Da gibt es ja durchaus Möglichkeiten. Kühlhäuser könnten z.B. in der Zeit um wenige grad herunter gekühlt werden und verbrauchen dafür in den Folgestunden weniger Strom.
Kleinere Gießereiein könnten diese Zeit nutzen statt wie bisher die Nacht (bisher wird da oft ja nachts produziert weil traditionell nachts der Strompreis niedrig war).
Auch wenn der Effekt vielleicht nicht riesig sein mag, so dürfte es dennoch dabei helfen den Anteil von EE an der Gesamtproduktion zu steigern ohne viel investieren zu müssen.
Theoretisch ja jetzt schon möglich und jedes größere Unternehmen hat jetzt schon eine 15-Min Laststromberechnung (vlt nicht smart, aber wenn man auf die Signale schaut, könnte man auch so verschieben). Den Ausbau müssen wir aktuell gar nicht mehr fördern (nur nicht abschwächen). Wir haben jetzt schon oft Überschüsse, die wir nicht loswerden. Beim Wind verdoppelt sich die installierte Leistung bis 2030 fast. Das Verschenken von Strom im Inland würde den Staat genauso viel oder mehr kosten, wie der Verkauf ins Ausland. Wichtiger wäre es Abschaltungen aufgrund von Netzüberlastung zu vermeiden. Hier wird nichts produziert, aber der Betreiber bekommt trotzdem sein Geld.

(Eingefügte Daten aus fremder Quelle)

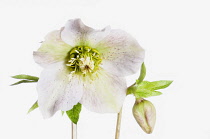 Hellebore, Helleborus x hybridus, Studio shot of mauve coloured flower.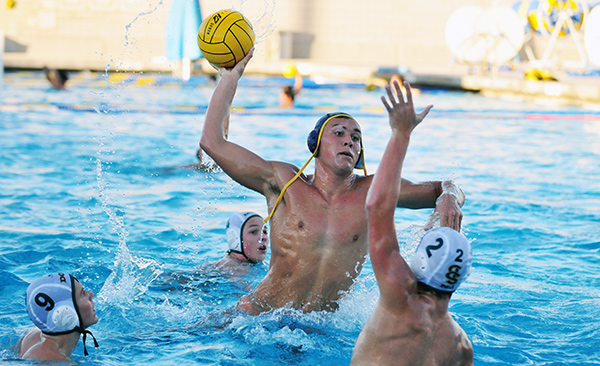 Dp Water Polo Star Parrish Earns All-cif Honors — Presidio Sports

Steht und fällt eben mit den Smart Metern bei Privathaushalten. In der Theorie müsste sich das alles von selbst durch die Marktsignale und entsprechende Regulierung, die netz- und marktdienliches Verhalten ermöglicht und belohnt einstellen.
Betriebswirtschaftlich ja, auf jeden Fall. Aber es wäre glaube ich ein unglaublich wirkmächtiges politisches Signal, wenn sich eine Bundesregierung hinstellen würde und sagt “Dank der Erneuerbaren Energien ist eine Stunde Strom am Tag umsonst”.
Das ist auch der Grund warum ich hier Privathaushalte gegenüber Unternehmen bevorzugen würde. Sowas bringt Spaß in die Energiewende .
Zudem können Unternehmer in aller Regel gut rechnen und wenn es möglich und betriebswirtschaftlich sinnvoll ist, von einem dynamischen Stromtarif gebrauch zu machen, dann brauchen die glaube ich wenig zusätzliche Motivation.
Ein Privathaushalt braucht dagegen in aller Regel einen spürbaren Anreiz, um den nervigen Schritt zur Beschaffung eines Smart Meters und eines neuen, komplexen Stromtarifs zu gehen.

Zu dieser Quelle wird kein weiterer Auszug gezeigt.